CHURCHES in Wales are holding services today and at the weekend to commemorate the 50th anniversary of the Aberfan disaster, in which 116 children and 28 adults died when slurry from a hillside coal-heap slid on to the village, burying classrooms at Pantglas Junior School.
The annual service and wreath-laying ceremony will take place at Aberfan Bryntaf cemetery memorial at 9.15 a.m. — the slip engulfed the school at 9.13 a.m. on 21 October 1966 — and a further service will be held at St Mary and the Holy Innocents, Nixonville, Merthyr Vale, at 7 p.m. The Methodist minister who covered the Aberfan area at the time, the Revd Irving Penberthy, is to preach. St David’s, Merthyr, is to be open from 10 a.m.-4 p.m. today for prayer or quiet reflection.
Yesterday, the Assistant Bishop of Llandaff, the Rt Revd David Wilbourne, addressed a remembrance service at St David’s, Merthyr Tydfil. Music was sung by the Ynysowen Male Choir, formed a couple of years after the disaster as a means to help men and the village community recover.
In his sermon, Bishop Wilbourne recalled that the Rt Revd Glyn Simon, the then Bishop of Llandaff and future Archbishop of Wales, immediately blamed the Coal Board for negligence concerning coal tips in the area. The Board’s chairman, Lord Robens, called for Bishop Simon’s resignation, threatening him with defamation.
The First Minister of Wales, Carwen Jones, told the Senedd on Wednesday that Aberfan changed Wales for ever. He said that people had known the danger of mining, “but they didn’t realise that the price would be so extortionate.
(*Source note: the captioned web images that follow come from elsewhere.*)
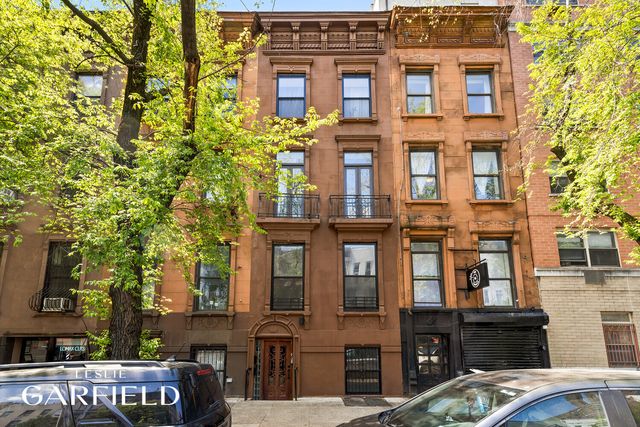 334 E 116TH Street, New York City, NY 10029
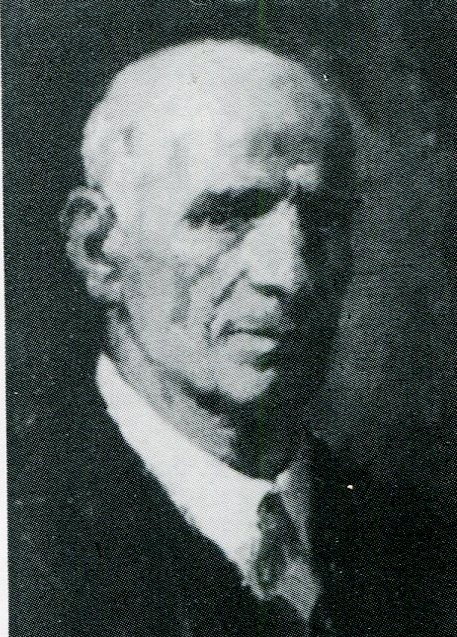 ΣΠΥΡΟΣ ΒΙΚΑΤΟΣ 1878 1960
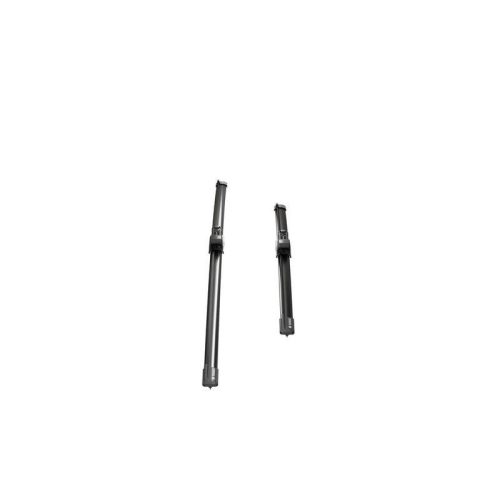 BOSCH Wischblatt Aerotwin 3 397 014 901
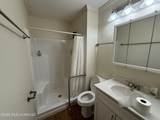 00 County Road 3102 - Photo 17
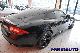 2011 Jaguar  XKR 5.0 V8 S / C 75 ° Anniversary 530CV Sports car/Coupe Used vehicle photo 7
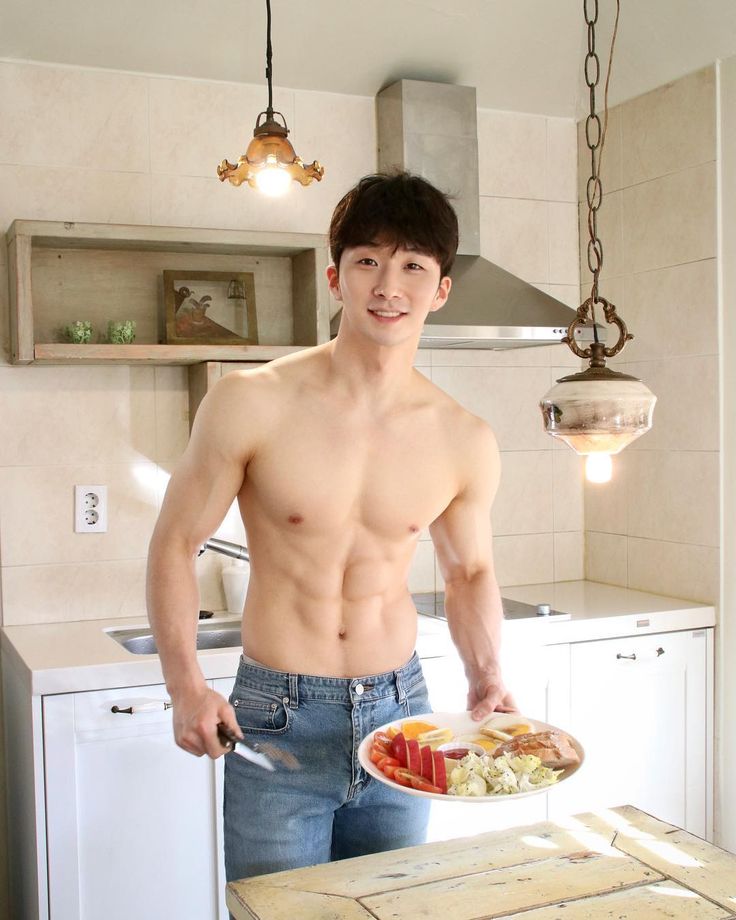 charles grell add Asian Twunks photo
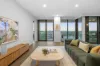 2101/3 Kintail Road, Applecross, WA 6153-Image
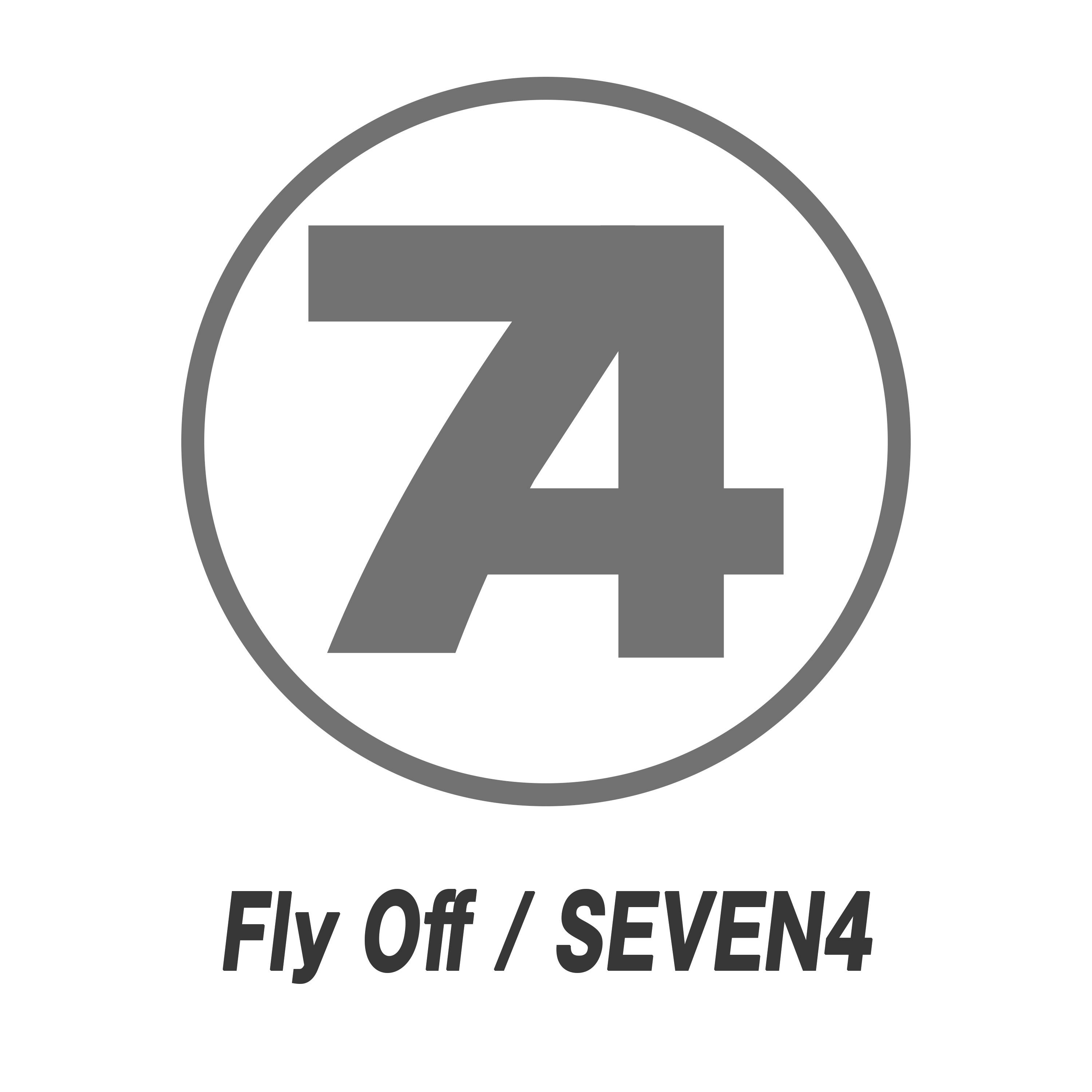 Fly Off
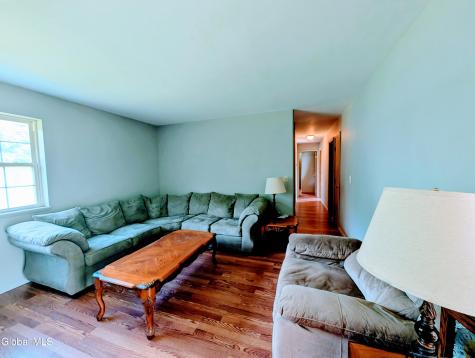 38 Bentley Road Kingsbury NY 12839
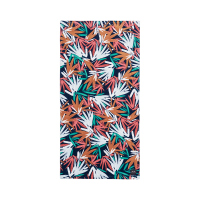 Slowtide The Cut Beach Towel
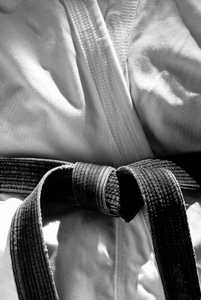 Il fascino orientale del Karate a Lucera con il 1° Trofeo Shinkitai-do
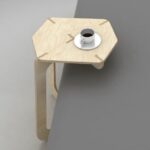 Minimalistički stočić - Image 4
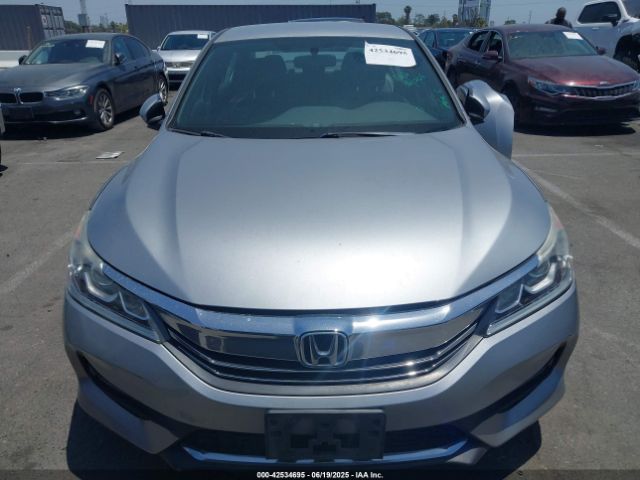 1HGCR2F15HA186298 Honda k24w1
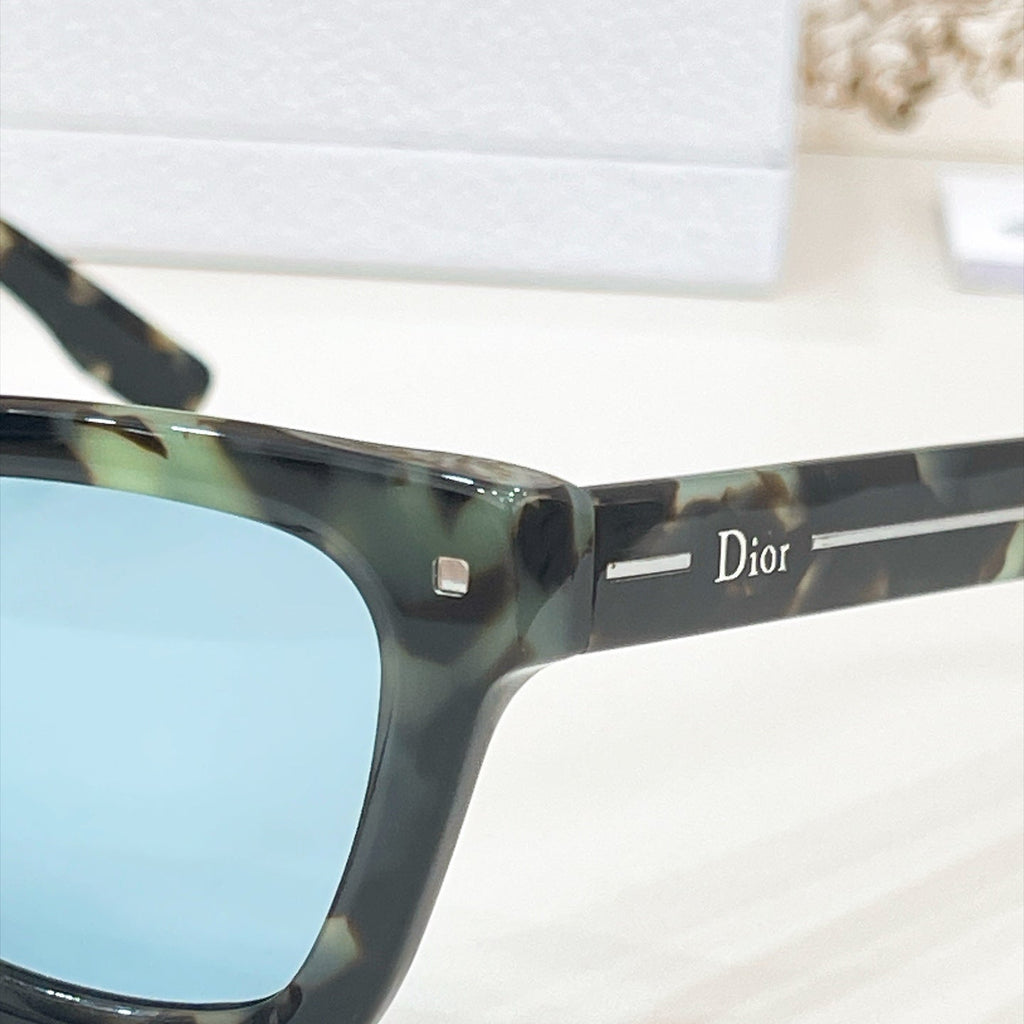 Dior Sunglasses – Dior Line S1F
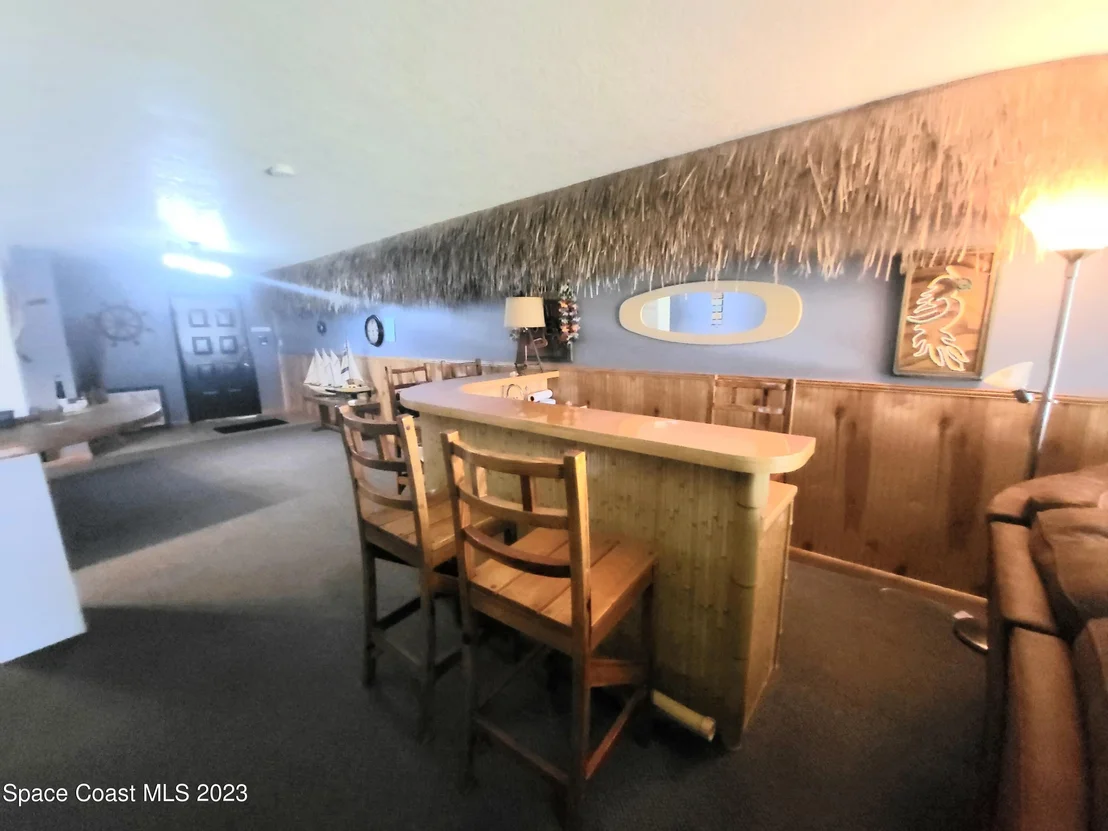Photo of Unit 301 at 1025 Rockledge Drive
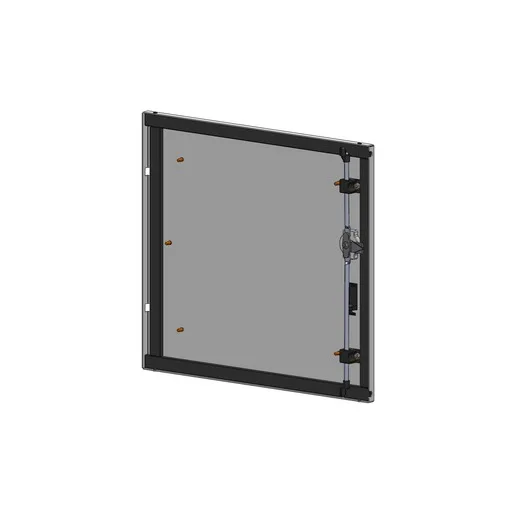 ABN Braun GTSP23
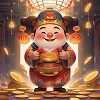 sf游戏官网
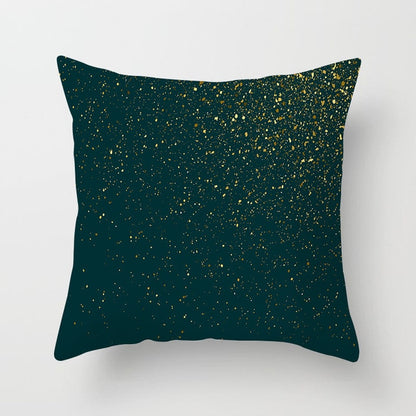 Home and Living Decor Cushions - Sparkle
Who would have thought that coal could take the lives of children, so suddenly and above the ground?”
“We offer support and I hope some comfort as [people] deal with the memories of that day, when winter darkness came early to the people of Aberfan.”
The Labour AM for Merthyr Tydfil and Rhymney, Dawn Bowden, said: “What happened that day shows us [that] the price of coal in a place whose only reason for existence was to dig for it, was too great a price for any community to pay.
“But coal had also created these mining communities whose values of solidarity, comradeship, and community spirit were rarely seen elsewhere.” Assembly Members held a minute’s silence.
Immediately after the disaster struck, Bishop Simon — who himself had lost a child in infancy — cleared his diary, and visited every bereaved home, and had a cup of tea around the hearth of each grieving parent, Bishop Wilbourne said.
In addition, “prompted by the Vicar of Aberfan, Glyn Simon also issued a rare archiepiscopal decree that, when Aberfan’s church was eventually rebuilt, it was to be a new double dedication: to Mary, Mother of Our Lord and All Holy Innocents.”
A half-muffled peal is to be rung at Llandaff Cathedral on Sunday before the 11 a.m. and 3.30 p.m. services.